Chip, why don't you take that?
Yeah. We have a number of maturities that are coming up. We're in discussions with companies about either renewing the facilities. I would say we're not seeing a wave of refinancing coming at us. A number of these are good companies that are performing well and so we're interested in sticking with those credits but we're certainly not, I'm certainly not forecasting the wave of repayment that we saw through the quarter in December 30. I think most of those will be extended and hopefully on better terms than we had originally.
Troy Ward – Stifel Nicolaus
Then specifically on the precision investment which matured in October, do you anticipate that will stay on the books for the, you're going to redo that one?
Yeah, so we expect that one has as we have negotiated an agreement with them and are in the process of documenting that now.
Troy Ward – Stifel Nicolaus
That's great. On the liability side what are you seeing David, from the CLO market. I know we saw another CLO get done earlier this year that had kind of focused more on senior assets because that's kind of what's available from the CLO structure right now, which seems to fit your business model, maybe more than some other BDCs? How do you look at the liability side of the balance sheet beyond the credit facility?
Yeah. We haven't explored it to a high degree. Most of those CLO's that we've seen gone out have been very special CLO's. They've not been anything close to what we do. I think the one that you may be referring to was very similar to us and they went through a lot of pain and suffering to get that done. I don't think the marketplace has come back the way it was two years ago but I don't rule it out. I think in the next year you may see a lot more traction in that marketplace and if there is, we certainly will take a look at that and see if we can offload some of our loans to a cheaper borrowing base or CLO.
Troy Ward – Stifel Nicolaus
Okay and then finally, just a couple of quick questions on the credit facility? Are there any limitations to your credit facility regarding borrowing base or such, or today would you have full access to that facility?
Gresford, do you want to talk about that?
Yes. We have full access to the credit facility. It is based on our borrowing base so there are no limitations right now, Troy.
Troy Ward – Stifel Nicolaus
Okay and then one final one. What about the fees? Did you pay any upfront fees on this facility that will be amortized over the life of the facility? And if so, how much was that?
No, we paid the 655,000 that we paid in fees. That just rpresented one times fees that will not be amoritzed.
Those had already been accrued and so that was already in the P&L and unpaid so when we changed our line of credit, we paid what we had accrued. So you already had those in your histoircal numbers.
Troy Ward – Stifel Nicolaus
Thanks. You won't be accruing any new ones on the new facility?
No, that's correct.
Troy Ward – Stifel Nicolaus
Next question, please.
Our next question is from Vernon Plack with BB&T Capital Markets. Please go ahead.
Vernon Plack - BB&T
Thanks very much and Gresford, just a few other quick questions. Were there any non-recurring expenses from the quarter?

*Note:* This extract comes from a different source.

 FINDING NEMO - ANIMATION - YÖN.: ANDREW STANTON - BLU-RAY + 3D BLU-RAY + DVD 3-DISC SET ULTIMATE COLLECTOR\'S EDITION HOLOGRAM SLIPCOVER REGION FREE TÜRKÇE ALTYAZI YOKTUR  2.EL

No, the most recent that I can think of would be the compensation expense that we recorded a couple of quarters ago, the 255,000 but during this quarter we did not have any non-recurring expenses like that.
Vernon Plack - BB&T
Okay and just a point of clarification. Once you borrow more than 50% or $63.5 million your unused fee on the total amount drops to 0.5%? Is that correct?
That's correct. If it's under 50% drawn it's 1%.
Vernon Plack - BB&T
Okay. All right. Great. Thanks very much.
Okay. Next question.
(Operator instructions) Mr. Gladstone, I'm showing no questions in the queue at this time.
All right. Thank you all for calling in. We certainly appreciate it and again we'll see you next quarter. That's the end of this call.
The conference is now concluded. Thank you for attending today's presentation. You may now disconnect.